WHAT TO DO.
Give back the entries verbatim.

MATERIAL FOR THIS EXERCISE.

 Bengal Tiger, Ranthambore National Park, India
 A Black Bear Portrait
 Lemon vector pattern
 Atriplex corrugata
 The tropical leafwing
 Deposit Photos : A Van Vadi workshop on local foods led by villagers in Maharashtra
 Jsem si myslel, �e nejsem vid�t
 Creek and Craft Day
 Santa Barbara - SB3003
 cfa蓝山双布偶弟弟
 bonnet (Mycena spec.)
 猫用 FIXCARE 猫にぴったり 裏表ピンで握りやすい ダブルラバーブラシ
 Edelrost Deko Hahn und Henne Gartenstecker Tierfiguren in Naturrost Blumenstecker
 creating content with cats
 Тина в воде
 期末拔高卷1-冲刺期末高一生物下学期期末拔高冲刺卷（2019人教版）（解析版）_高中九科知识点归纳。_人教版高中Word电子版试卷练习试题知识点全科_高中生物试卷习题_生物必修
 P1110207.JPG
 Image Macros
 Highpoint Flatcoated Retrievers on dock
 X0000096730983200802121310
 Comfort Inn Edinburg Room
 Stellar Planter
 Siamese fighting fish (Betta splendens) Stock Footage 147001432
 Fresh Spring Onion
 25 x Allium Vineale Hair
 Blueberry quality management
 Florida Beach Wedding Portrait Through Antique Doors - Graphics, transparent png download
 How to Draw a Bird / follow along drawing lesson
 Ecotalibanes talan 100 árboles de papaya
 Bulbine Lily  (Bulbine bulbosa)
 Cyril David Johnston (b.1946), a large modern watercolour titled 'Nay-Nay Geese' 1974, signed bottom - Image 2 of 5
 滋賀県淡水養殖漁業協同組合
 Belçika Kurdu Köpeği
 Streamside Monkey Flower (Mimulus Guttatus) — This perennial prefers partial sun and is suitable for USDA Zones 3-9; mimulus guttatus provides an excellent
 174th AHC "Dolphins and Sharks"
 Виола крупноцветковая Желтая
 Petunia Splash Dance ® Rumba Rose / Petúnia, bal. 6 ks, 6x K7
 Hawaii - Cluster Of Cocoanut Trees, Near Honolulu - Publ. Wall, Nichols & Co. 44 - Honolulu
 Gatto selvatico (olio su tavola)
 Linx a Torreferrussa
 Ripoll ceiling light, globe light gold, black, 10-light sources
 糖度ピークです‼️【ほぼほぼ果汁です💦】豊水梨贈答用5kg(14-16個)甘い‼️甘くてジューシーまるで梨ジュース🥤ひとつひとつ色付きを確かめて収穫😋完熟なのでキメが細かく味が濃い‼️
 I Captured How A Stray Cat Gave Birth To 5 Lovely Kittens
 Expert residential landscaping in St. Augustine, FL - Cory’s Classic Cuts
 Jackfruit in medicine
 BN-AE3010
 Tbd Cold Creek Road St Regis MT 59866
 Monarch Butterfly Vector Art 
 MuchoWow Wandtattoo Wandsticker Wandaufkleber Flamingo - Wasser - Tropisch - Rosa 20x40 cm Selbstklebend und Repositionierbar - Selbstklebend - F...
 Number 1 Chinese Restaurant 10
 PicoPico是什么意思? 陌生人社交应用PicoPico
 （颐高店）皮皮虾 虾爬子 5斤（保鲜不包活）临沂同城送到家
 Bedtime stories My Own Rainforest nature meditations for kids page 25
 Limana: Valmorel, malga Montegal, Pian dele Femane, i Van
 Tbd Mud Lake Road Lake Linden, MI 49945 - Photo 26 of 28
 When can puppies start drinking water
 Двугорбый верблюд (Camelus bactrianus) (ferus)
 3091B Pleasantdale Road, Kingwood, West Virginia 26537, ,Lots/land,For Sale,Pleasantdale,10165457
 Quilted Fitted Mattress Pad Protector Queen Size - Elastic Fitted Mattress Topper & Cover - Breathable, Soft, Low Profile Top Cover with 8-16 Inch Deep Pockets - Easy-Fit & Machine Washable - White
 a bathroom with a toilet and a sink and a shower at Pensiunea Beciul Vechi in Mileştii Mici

RESPONSE TO THE TASK.
 Bengal Tiger, Ranthambore National Park, India
 A Black Bear Portrait
 Lemon vector pattern
 Atriplex corrugata
 The tropical leafwing
 Deposit Photos : A Van Vadi workshop on local foods led by villagers in Maharashtra
 Jsem si myslel, �e nejsem vid�t
 Creek and Craft Day
 Santa Barbara - SB3003
 cfa蓝山双布偶弟弟
 bonnet (Mycena spec.)
 猫用 FIXCARE 猫にぴったり 裏表ピンで握りやすい ダブルラバーブラシ
 Edelrost Deko Hahn und Henne Gartenstecker Tierfiguren in Naturrost Blumenstecker
 creating content with cats
 Тина в воде
 期末拔高卷1-冲刺期末高一生物下学期期末拔高冲刺卷（2019人教版）（解析版）_高中九科知识点归纳。_人教版高中Word电子版试卷练习试题知识点全科_高中生物试卷习题_生物必修
 P1110207.JPG
 Image Macros
 Highpoint Flatcoated Retrievers on dock
 X0000096730983200802121310
 Comfort Inn Edinburg Room
 Stellar Planter
 Siamese fighting fish (Betta splendens) Stock Footage 147001432
 Fresh Spring Onion
 25 x Allium Vineale Hair
 Blueberry quality management
 Florida Beach Wedding Portrait Through Antique Doors - Graphics, transparent png download
 How to Draw a Bird / follow along drawing lesson
 Ecotalibanes talan 100 árboles de papaya
 Bulbine Lily  (Bulbine bulbosa)
 Cyril David Johnston (b.1946), a large modern watercolour titled 'Nay-Nay Geese' 1974, signed bottom - Image 2 of 5
 滋賀県淡水養殖漁業協同組合
 Belçika Kurdu Köpeği
 Streamside Monkey Flower (Mimulus Guttatus) — This perennial prefers partial sun and is suitable for USDA Zones 3-9; mimulus guttatus provides an excellent
 174th AHC "Dolphins and Sharks"
 Виола крупноцветковая Желтая
 Petunia Splash Dance ® Rumba Rose / Petúnia, bal. 6 ks, 6x K7
 Hawaii - Cluster Of Cocoanut Trees, Near Honolulu - Publ. Wall, Nichols & Co. 44 - Honolulu
 Gatto selvatico (olio su tavola)
 Linx a Torreferrussa
 Ripoll ceiling light, globe light gold, black, 10-light sources
 糖度ピークです‼️【ほぼほぼ果汁です💦】豊水梨贈答用5kg(14-16個)甘い‼️甘くてジューシーまるで梨ジュース🥤ひとつひとつ色付きを確かめて収穫😋完熟なのでキメが細かく味が濃い‼️
 I Captured How A Stray Cat Gave Birth To 5 Lovely Kittens
 Expert residential landscaping in St. Augustine, FL - Cory’s Classic Cuts
 Jackfruit in medicine
 BN-AE3010
 Tbd Cold Creek Road St Regis MT 59866
 Monarch Butterfly Vector Art 
 MuchoWow Wandtattoo Wandsticker Wandaufkleber Flamingo - Wasser - Tropisch - Rosa 20x40 cm Selbstklebend und Repositionierbar - Selbstklebend - F...
 Number 1 Chinese Restaurant 10
 PicoPico是什么意思? 陌生人社交应用PicoPico
 （颐高店）皮皮虾 虾爬子 5斤（保鲜不包活）临沂同城送到家
 Bedtime stories My Own Rainforest nature meditations for kids page 25
 Limana: Valmorel, malga Montegal, Pian dele Femane, i Van
 Tbd Mud Lake Road Lake Linden, MI 49945 - Photo 26 of 28
 When can puppies start drinking water
 Двугорбый верблюд (Camelus bactrianus) (ferus)
 3091B Pleasantdale Road, Kingwood, West Virginia 26537, ,Lots/land,For Sale,Pleasantdale,10165457
 Quilted Fitted Mattress Pad Protector Queen Size - Elastic Fitted Mattress Topper & Cover - Breathable, Soft, Low Profile Top Cover with 8-16 Inch Deep Pockets - Easy-Fit & Machine Washable - White
 a bathroom with a toilet and a sink and a shower at Pensiunea Beciul Vechi in Mileştii Mici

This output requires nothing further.